Interference Management for Full-Duplex ISAC in B5G/6G Networks: Architectures, Challenges, and Solutions

For full-duplex communications, the self-interference consists of two main components: direct self-interference and echo self-interference, both of which need to be cancelled. The echo self-interference contains all the reflected signals from the environments. Traditional full-duplex node for communications cancels both self-interference components [4, 5].

In FD-ISAC, as shown in Fig. 2, the received signal at the ISAC full-duplex radio (i.e., node A) consists of multiple components: the direct self-interference, the target echo signal originated from its own transmitter, and communication signals including echo signal and line-of-sight (LoS) path signal from the other full-duplex radio (i.e., node B). The interference and useful signals for two sensing modes are separately analyzed as follows.
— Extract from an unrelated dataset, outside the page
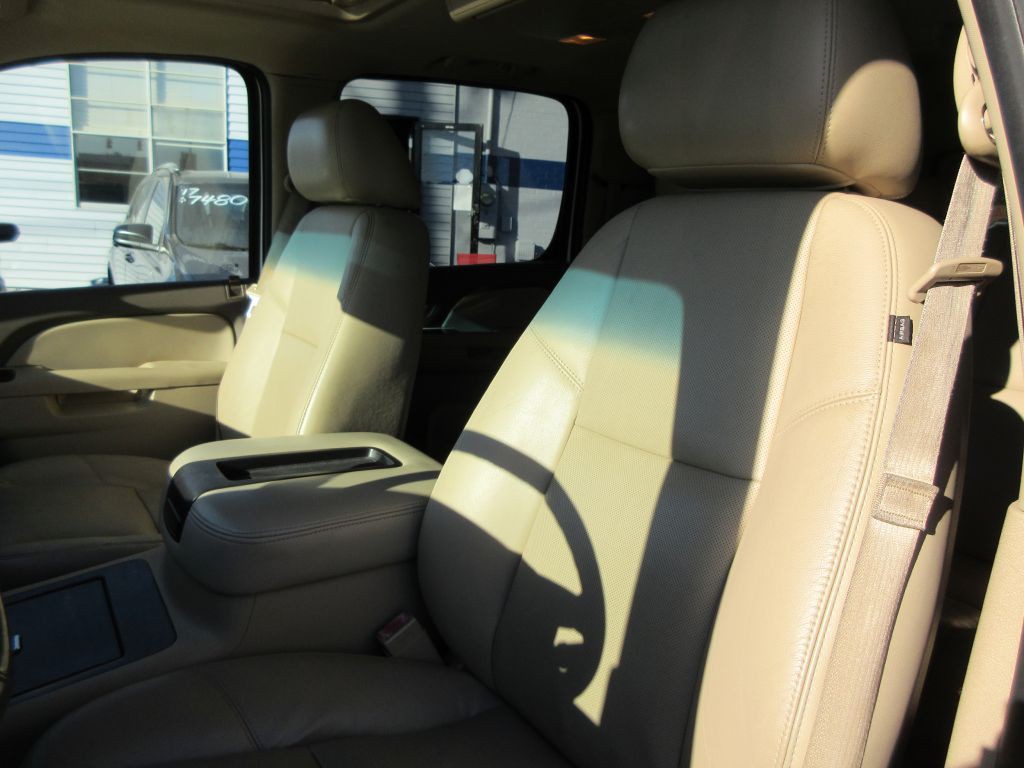 2014 Chevrolet Suburban Image 12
In the monostatic sensing mode, the direct self-interference needs to be cancelled for both full-duplex communications and sensing. The target echo signal originated from its own transmitter is an echo self-interference component for full-duplex communications, but is actually the useful signal for monostatic sensing. Thus, it should be cancelled for full-duplex communications, but retained for wireless sensing. The communication signal from the other full-duplex radio is also interference to wireless sensing. Since the communication signal usually has a signal-to-noise ratio (SNR) of 5-30 dB, the interference can significantly degrade the performance of sensing.

In the bistatic sensing mode, the target echo signal originated from node B is the desired signal for bistatic sensing. However, the LoS path signal is also useful, and can be either treated as a reference for system calibration [11] or used to decode the communication data for further sensing processing [12]. However, since the LoS path signal is usually much stronger than the target echo signal, it still needs to be cancelled for further target detection and estimation. Both the direct self-interference and echo signal originated from its own transmitter need to be cancelled for full-duplex communications and wireless sensing.

Based on the above analysis we can see that the interference cancellation requirements for full-duplex communications only and FD-ISAC are not fully consistent. Such an inconsistency requires new mechanisms to manage the interference for FD-ISAC.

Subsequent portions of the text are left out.